Curt Schilling, a failed video game entrepreneur and frequent conservative political commentator who previously won a couple of World Series with the Red Sox, is considering a run for state office en route to a future presidential bid, he said on Facebook over the weekend.
“I am going to run, soon,” Schilling wrote in a comment Sunday.
“[S]tate office first, white house in 8 years,” he added, and said that if Hillary Clinton wins November’s election, he may run for president in 2020.
It was not clear how serious Schilling is about the plan, but he did repeat on Twitter that he would “most likely” run for state office in Massachusetts. In April, he told a Twitter follower to “wait one more cycle” before he could challenge U.S. Rep. Joe Kennedy, who represents his district. “[N]eed some things to get done first,” he tweeted at the time.
— Curt Schilling (@gehrig38) April 23, 2016
Terry MacCormack, a spokesman for the Massachusetts Republican Party, said the party has not been contacted by Schilling.
Schilling has lived in Medfield, which is about a half-hour drive from the state’s border with Rhode Island, where his former video game company has been a point of political controversy for an entire election cycle.
Schilling’s company, 38 Studios, moved to the Ocean State after officials there issued bonds to offer the company tens of millions of dollars, which the business was expected to pay back. 38 Studios went bankrupt in 2012, leaving taxpayers on the hook.

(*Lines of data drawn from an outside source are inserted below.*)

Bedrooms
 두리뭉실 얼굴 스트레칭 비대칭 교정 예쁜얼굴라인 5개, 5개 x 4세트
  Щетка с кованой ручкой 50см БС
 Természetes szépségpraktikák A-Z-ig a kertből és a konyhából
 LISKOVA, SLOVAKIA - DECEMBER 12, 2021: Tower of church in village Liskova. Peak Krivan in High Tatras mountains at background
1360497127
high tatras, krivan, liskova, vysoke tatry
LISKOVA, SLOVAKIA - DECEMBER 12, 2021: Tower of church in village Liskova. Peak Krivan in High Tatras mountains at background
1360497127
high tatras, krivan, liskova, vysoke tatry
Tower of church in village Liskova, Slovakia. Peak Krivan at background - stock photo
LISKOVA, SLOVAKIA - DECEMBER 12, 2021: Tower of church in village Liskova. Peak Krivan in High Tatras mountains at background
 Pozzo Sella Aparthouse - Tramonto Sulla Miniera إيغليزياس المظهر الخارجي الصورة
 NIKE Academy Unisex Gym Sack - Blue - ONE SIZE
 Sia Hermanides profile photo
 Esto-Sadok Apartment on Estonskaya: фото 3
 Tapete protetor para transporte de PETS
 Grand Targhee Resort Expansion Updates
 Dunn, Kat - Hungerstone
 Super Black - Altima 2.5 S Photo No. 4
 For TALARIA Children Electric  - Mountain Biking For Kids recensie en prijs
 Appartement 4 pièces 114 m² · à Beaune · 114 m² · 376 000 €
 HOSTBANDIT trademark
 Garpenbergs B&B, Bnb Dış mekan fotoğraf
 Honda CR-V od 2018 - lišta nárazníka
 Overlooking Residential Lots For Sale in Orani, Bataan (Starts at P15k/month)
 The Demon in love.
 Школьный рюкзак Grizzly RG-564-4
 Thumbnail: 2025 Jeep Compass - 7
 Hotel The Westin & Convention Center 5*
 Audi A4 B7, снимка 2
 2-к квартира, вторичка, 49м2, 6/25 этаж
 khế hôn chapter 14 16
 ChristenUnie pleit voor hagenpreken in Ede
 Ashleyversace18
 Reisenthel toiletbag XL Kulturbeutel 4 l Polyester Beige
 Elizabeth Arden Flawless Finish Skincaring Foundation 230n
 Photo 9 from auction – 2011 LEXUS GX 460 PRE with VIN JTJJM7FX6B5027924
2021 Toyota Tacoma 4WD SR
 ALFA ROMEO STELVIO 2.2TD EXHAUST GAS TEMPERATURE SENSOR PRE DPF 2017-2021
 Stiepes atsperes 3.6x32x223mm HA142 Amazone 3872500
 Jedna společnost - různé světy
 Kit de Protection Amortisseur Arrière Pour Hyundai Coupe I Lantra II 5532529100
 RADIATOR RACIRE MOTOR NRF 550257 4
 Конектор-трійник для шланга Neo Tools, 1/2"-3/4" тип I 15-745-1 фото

Schilling has long criticized then-Rhode Island Gov. Lincoln Chafee for not issuing further financial assistance.
In the same Facebook thread where he outlined his political aspirations, Schilling responded to somebody who called him an “expert on fraud,” alluding to the Rhode Island situation, by saying: “Because? Your dumb ass state offered my company a bond to move there? You dumbasses elected and continue to elect inept, corrupt and ignorant public officials? Because I invested 50m of my own money in my company?” He then suggested the Facebook user was a Yankees fan that is “still not over the biggest choke in sports history,” and posted an image of his 2004 Red Sox World Series ring.
Late last month, Rhode Island’s attorney general chided the deal to bring 38 Studios to the state but declined to press any charges related to it.
Schilling has been a political lightning rod at the national level since shuttering 38 Studios, frequently commenting about public affairs on social media. The former ace shared a meme on Facebook in April about transgender bathroom rights, adding a comment that read: “A man is a man no matter what they call themselves.” ESPN, which had previously suspended him for other political posts, in response fired Schilling from his position as a baseball analyst.
Massachusetts passed a law ensuring transgender people the right to use the bathroom they identify with shortly thereafter. The bill was signed by Republican Gov. Charlie Baker.
Schilling has since taken to more aggressively sharing his political views. He is fiercely critical of Clinton and supports Donald Trump for president. He less regularly comments on state politics, but has in the past supported former Sen. Scott Brown and, at least during his first run for governor, Baker.